In dismissing the obstruction charges this week against Maughan, 1st District Judge Kevin Allen found his refusal to testify was not intended to "hinder, delay or prevent" Griffin's prosecution, as required by statute.

Rather, Maughan -- who is also charged with murder in Perry's death -- was protecting his own right against self-incrimination, the judge said in a written decision.

The judge said Maughan's intent could be inferred from his willing assistance to police and prosecutors until the time he was charged as an accomplice to the slaying.

For purposes of Griffin's trial, Maughan was given "use immunity," meaning nothing he said on the witness stand could have been used at his own trial.

Despite that immunity, Maughan apparently "still feared that his constitutional rights needed to be protected," the judge said. "None of the facts suggest [Maughan] had any reason to prevent Mister Griffin's conviction."

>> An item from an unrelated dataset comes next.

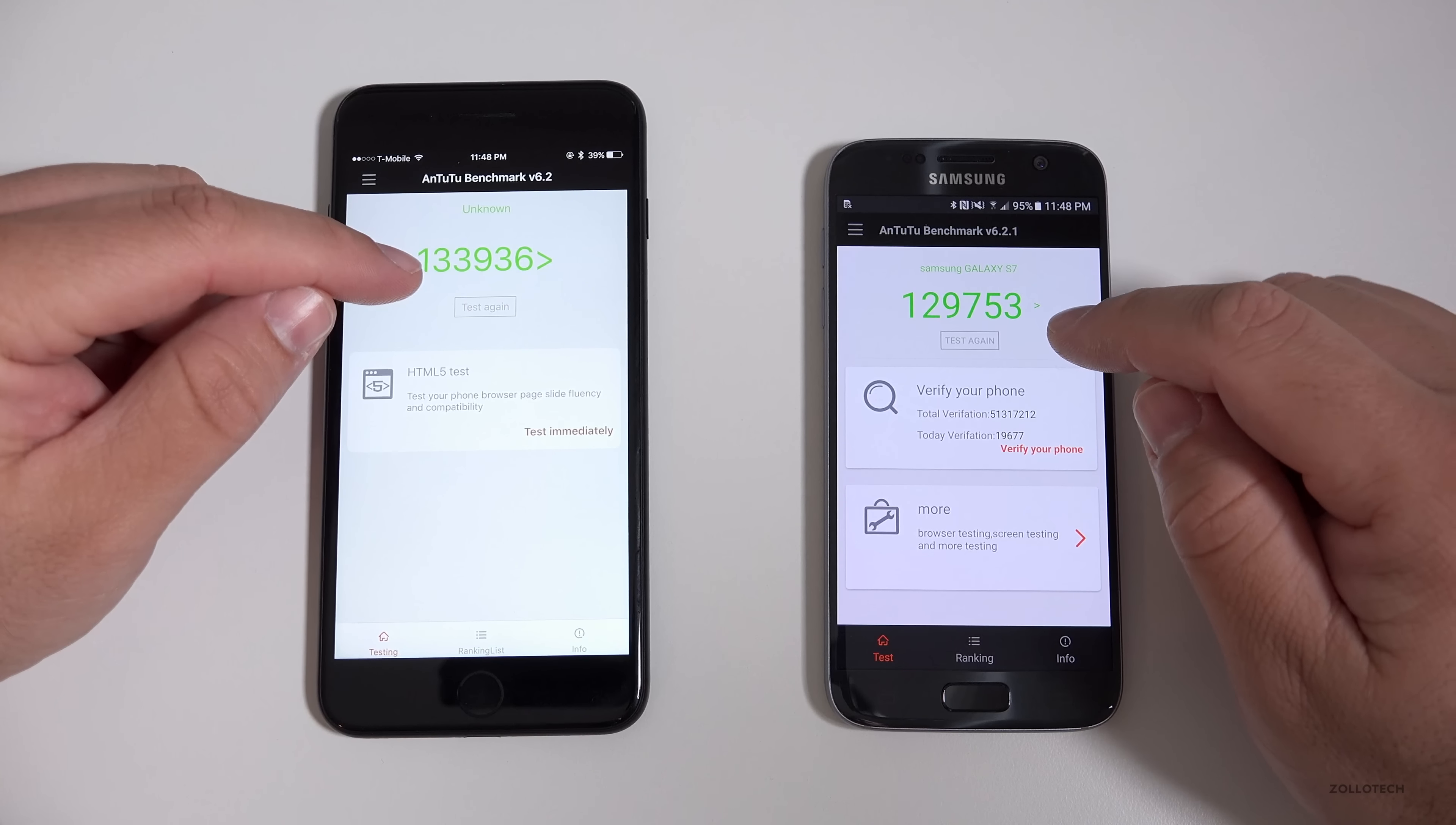They're both fairly even matched as far as that goes, so let's go ahead and run a CPU benchmark. This is Geekbench 4, so let's take a look at it. And I'll speed this up so you don't have to wait for it during the entire test.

Perry's slaying went unsolved until 2005, when DNA evidence put Griffin at the scene.

The DNA came from blood on a dollar bill that Griffin, posing as an attendant, gave as change to two University of Utah students who stopped for gas and cigarettes while the murder and robbery were in progress.

The students reported the encounter to police, who found Perry dead in a back room, where he had been hog-tied with an extension cord, stabbed with a screwdriver and bludgeoned with a 60-pound metal cylinder.

The dollar bill was kept in storage until improved DNA techniques were available to test it. The DNA profile matched Griffin, who in 2005 was serving time in a federal prison in California for a weapons conviction.

Maughan later told police that Griffin attacked Perry with a screwdriver during an argument over correct change. Maughan told police he held the victim's legs during the attack because Griffin threatened to kill him, too, unless he helped.

No date has been set for Maughan's murder trial. If convicted of the murder, he faces up to life in prison.